Marie is a member of Women Photograph and an Associate Lecturer at Goldsmiths, University of London, London College of Communication and Kingston University London.
Becky Warnock is a London based artist and organiser whose work engages with the politics of representation and questions of identity. Interested in authorship, her practice is rooted in participation and community engagement.
She is particularly interested in language, it’s insufficiencies and nuances when describing complex personal experiences such as mental health difficulties.
Alongside her practice, she currently lectures at the London College of Communication.
Heather Agyepong is a visual artist, performer/actor and maker who lives and works in London. Heather’s art practice is concerned with mental health and wellbeing, invisibility, the diaspora and the archive. She uses both lens-based practices and performance with an aim to culminate a cathartic experience for both herself and the viewer. She adopts the technique of re-imagination to engage with communities of interest and the self as a central focus within the image.
She has been nominated for Prix Pictet & Paul Huf Award in both 2016, 2018 & 2021 . Her work exists in a number of collections including Autograph ABP, Centre national des arts plastiques, Hyman Collection, New Orleans Museum of Art, Bristol Museum & Art Gallery and Mead Art Museum. She has been commissioned by a number of organisations including the Mayor of London, Photoworks, Artichoke & Tate Exchange.
Heather was nominated for the South Bank Sky Arts Breakthrough Award 2018, awarded the Firecracker Photographic Grant 2020 and have recently been selected as part of Foam Talent 2021, Jerwood/Photoworks Award 2022, Photo London x Nikon Emerging Photographer Award 2021 and The Photographers Gallery New Talent Award 2021. She was recently announced as a Nikon European Ambassador.
Image credit: Hydar Dewachi
Mark Sealy OBE, Executive Director of Autograph (1991 -) and Professor, Photography, Rights and Representation at University Arts London – London College of Communication and affiliated to the Photography Archive and Research Centre.
Sealy is interested in the relationship between art, photography and social change, identity politics, race, and human rights. He has written for many of the world’s leading photographic journals, produced numerous artist publications, curated exhibitions, and commissioned photographers and filmmakers worldwide. In addition, he is an advisor (management + committees) to several leading cultural institutions, including Tate, Paul Mellon Centre for the Studies in British Art, and the Baltic Centre for Contemporary Art.

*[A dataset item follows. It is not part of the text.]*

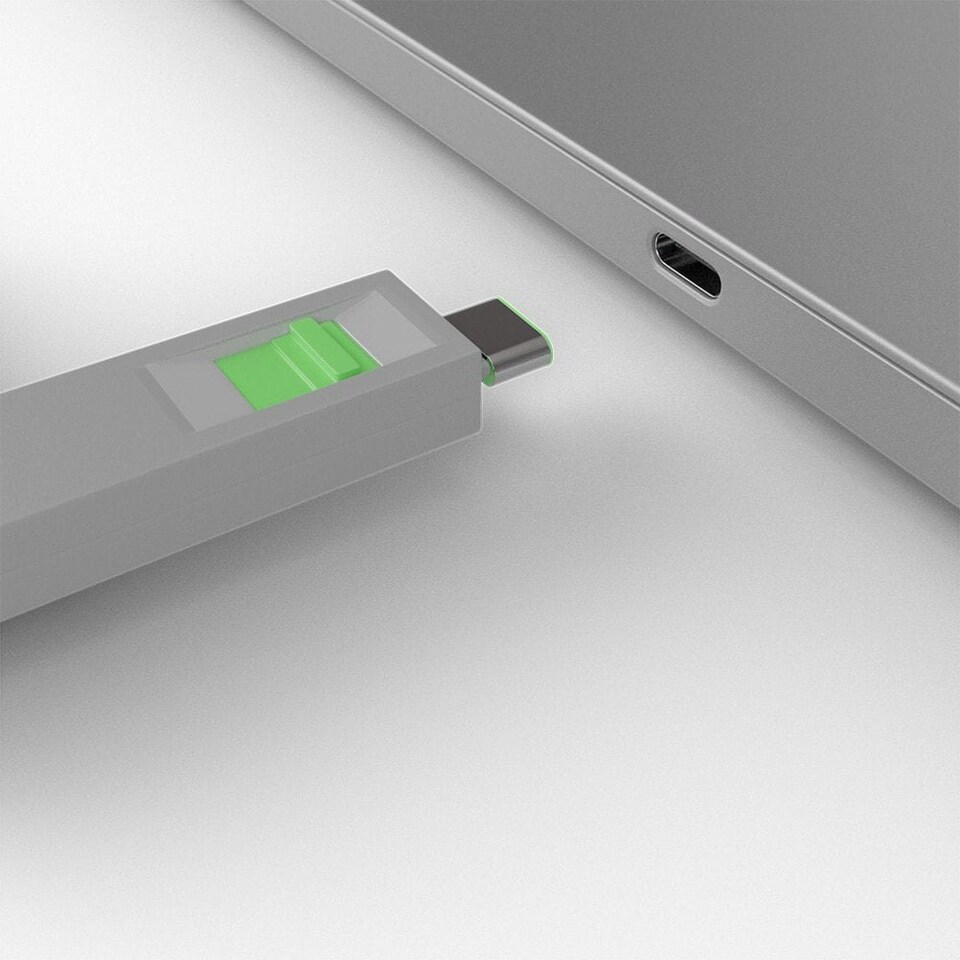 image 1 of USB-C Port Blocker Kit, Green (1x Key, 4x Locks)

Sealy’s critical writings on photography have been published by Lawrence and Wishart. Photography: Race, Rights and Representation, published 2022 and Decolonising the Camera: Photography in Racial Time, published 2019.
Image credit: Steve Pyke
Hannah Geddes is a curator, researcher and writer based in London. Specialising in contemporary photography, she is currently a doctoral researcher at UAL, and Curator at Tate and Splash and Grab photography magazine.
Her thesis ‘Curating the self: photographic self-portraiture as visual activism’ is looking at artists making work on the self as a form of visual activism and will also explore how curatorial practice can better support long-term engagement and participation with social justice practice.
Hannah has written for a number of publications including Splash and Grab, Ardesia Projects and Twin Magazine. She has worked on a number of exhibitions and displays at Tate including ‘Ima-Abasi Okon’, ‘Zanele Muholi’, ‘Performing Genders, Performing Selves’ and ‘Liz Johnson Artur’. She curates the online platform for Splash and Grab and has curated a number of exhibitions including ‘Construction’, featuring the work of Suzie Howell and Marguerite Bornhauser.